On December 17, 1944, during the Battle of the Bulge, more than eighty unarmed American soldiers were shot down after having surrendered to an SS tank column near the small crossroads town of Malmédy, Belgium.

The delightful Belgian town of Malmédy will forever be associated with the most infamous massacre of American troops in World War II. And yet, but for the presence of an Associated Press correspondent there in early January 1945, it is doubtful that this terrible incident would have ever achieved international notoriety. ‘Nazis Turned Machine Guns on GI POWs wrote Hal Boyle in his January 1945 Stars and Stripes article, and from that first graphic account sprung a plethora of books and articles about the so-called Malmédy Massacre.
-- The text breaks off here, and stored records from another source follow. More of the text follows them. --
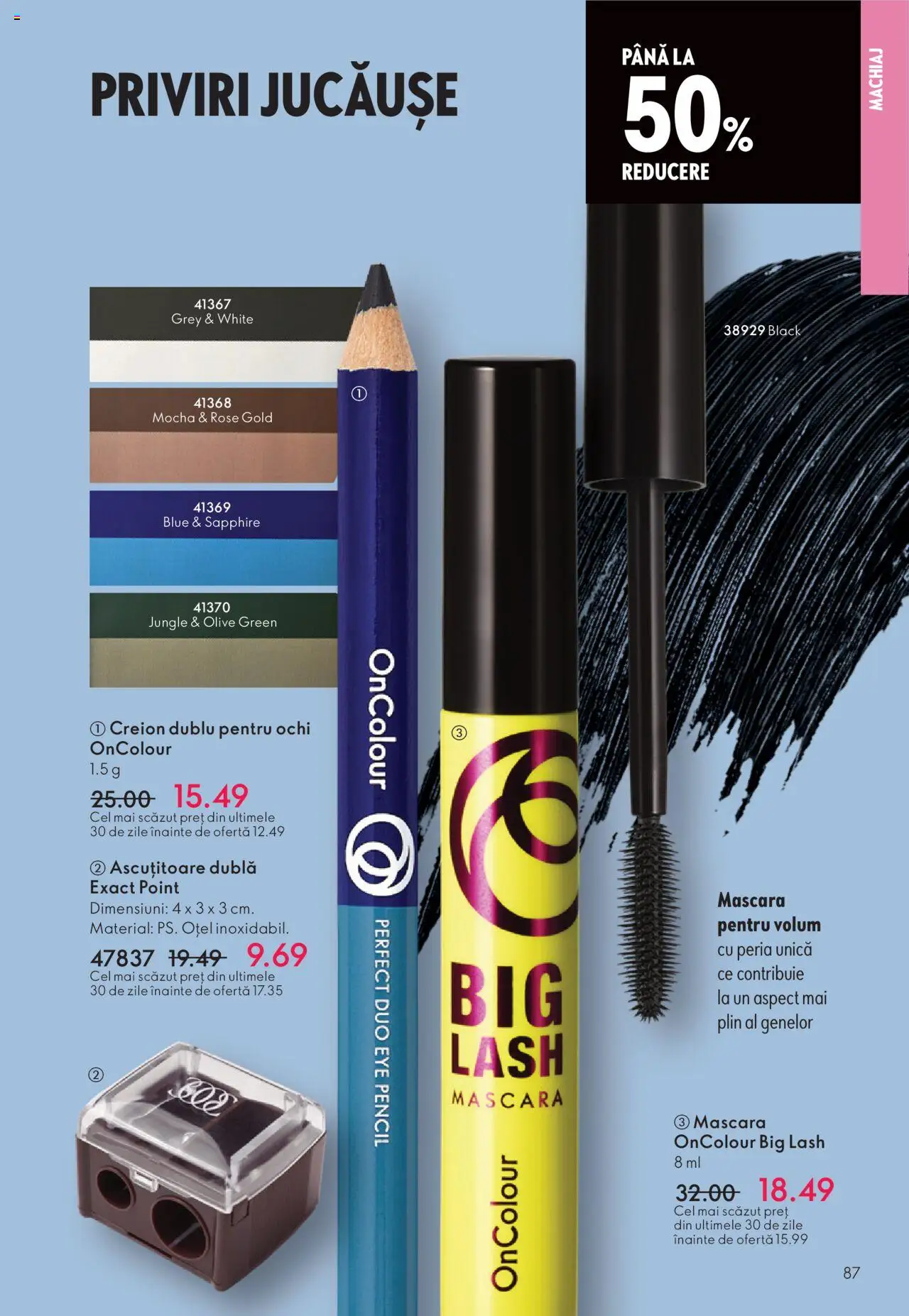 Noul catalog Oriflame – valabil de la 12.11.2025 | Pagină: 87 | Produse: Ascuțitoare, Machiaj, Mascara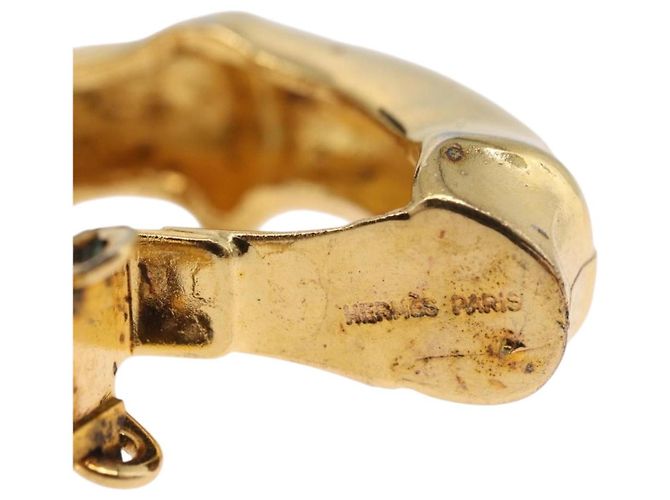 Hermès Orecchini HERMES metallo Gold Tone Auth bs37621 - vista 15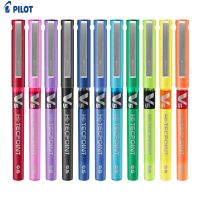 Pilot V5ของเหลว Hi-Tecpoint หมึกปากกาลูกกลิ้ง0.5ปลายขนาดมิลลิเมตร0.3มม. เส้นสีฟ้า12หมึกสีปากกาลูกลื่นเติมได้ปากกาหมึกเจลลูกบอลกลิ้ง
Few of these accounts are based on facts.




It is unlikely that we shall ever know the precise sequence of events at the Baugnez crossroads, near Malmédy, on December 17, 1944, or the reasons for them. The secret lies with the guilty and the dead. Nevertheless, many corroborated facts are known and a careful analysis of these facts can bring us closer to the truth of what happened.

In this film, Emmy Award winning director/producer Tim Gray introduces you to the last survivors of the massacre. Bringing you back to the actual scene, it tells the story as seen through their eyes, their memories of how they escaped execution by the 1st SS Leibstandarte Adolph Hitler.

A moving story, very well documented.